Ready, Set, Go — Golang Internals and Symbol Recovery
Golang (Go) is a compiled language introduced by Google in 2009. The language, runtime, and tooling has evolved significantly since then. In recent years, Go features such as easy-to-use cross-compilation, self-contained executables, and excellent tooling have provided malware authors with a powerful new language to design cross-platform malware. Unfortunately for reverse engineers, the tooling to separate malware author code from Go runtime code has fallen behind.
Today, Mandiant is releasing a tool named GoReSym to parse Go symbol information and other embedded metadata. This blog post will discuss the internals of relevant structures and their evolution with each language version. It will also highlight challenges faced when analyzing packed, obfuscated, and stripped binaries.
Go is a bit different from other languages in that it generates binaries that are fully self-contained. A system that executes a compiled Go binary doesn’t require a runtime or additional dependencies to be installed. This contrasts with languages such as Java or .NET that require a user to install a runtime before binaries will execute correctly. With Go's approach, the compiler embeds runtime code for various language features (e.g., garbage collection, stack traces, type reflection) into each compiled program. This is a major reason why Go binaries are larger than an equivalent program written in a language such as C. In addition to the runtime code, the compiler also embeds metadata about the source code and its binary layout to support language features, the runtime, and debug tooling.
Some of this embedded information has been thoroughly documented, namely the pclntab, moduledata, and buildinfo structures. Each of these structures has seen major changes as Go has evolved. This evolution, combined with common obfuscator or packing tricks, can make type recovery trickier than expected. To effectively handle ever-changing runtime structures, GoReSym is based on the Go runtime source code to transparently handle all runtime versions. This makes supporting new Go versions trivial. We can also be more confident in edge cases since GoReSym uses the same parsers as the runtime.
Matching Recovered Symbols to Language Features
Go binaries without debug symbols, also referred to as stripped binaries, provide a unique challenge to reverse engineers. Without symbols, analyzing a binary can be extremely complex and time consuming. With symbols restored, a reverse engineer can begin to map disassembled code back to its original source. Figure 1 illustrates the importance of recovering symbols using the disassembly of two samples: one without symbols and another with symbols recovered using GoReSym.
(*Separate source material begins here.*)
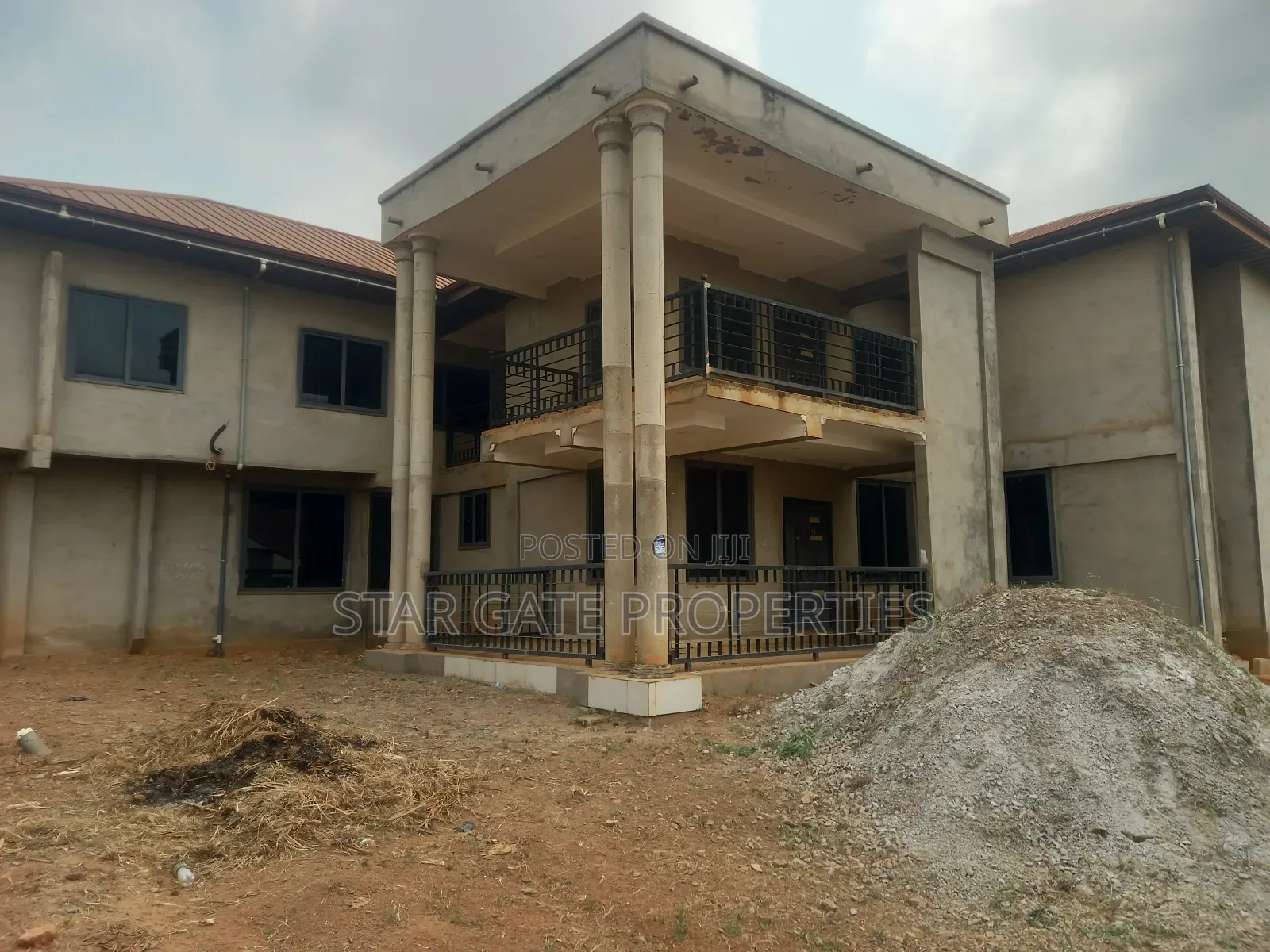 6bdrm House in Atwima Techiman,, Kumasi Metropolitan for sale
Before we examine how GoReSym extracts this information, we'll use recovered symbols to illustrate core Go concepts such as channels, Go routines, deferred routines, and function returns. The examples in the sections that follow depict a Go binary that has been annotated using function names recovered by GoReSym. Table 1 summarizes how these concepts map directly to the runtime functions described in each section.
Runtime Function Names
<- [recv channel]
runtime.makechan runtime.chanrecv runtime.sendchan
Go Routines and Channels
The go keyword starts a new thread of execution that cooperatively interlaces execution with the rest of the application. This is not an operating system thread; instead, multiple Go routines take turns executing on one thread. Communication across Go routines is done via "channels" in a message passing fashion. When a channel is allocated, an interface type is passed to the runtime routine runtime.makechan, defining the type of data flowing across the channel. Data can be sent and received across a channel using the <- operator. Based on the direction, the routine runtime.chansend or runtime.chanrecv will be present in the disassembly. Channel logic is often adjacent to Go routine code, which begins execution by passing a function pointer to the runtime routine runtime.newproc.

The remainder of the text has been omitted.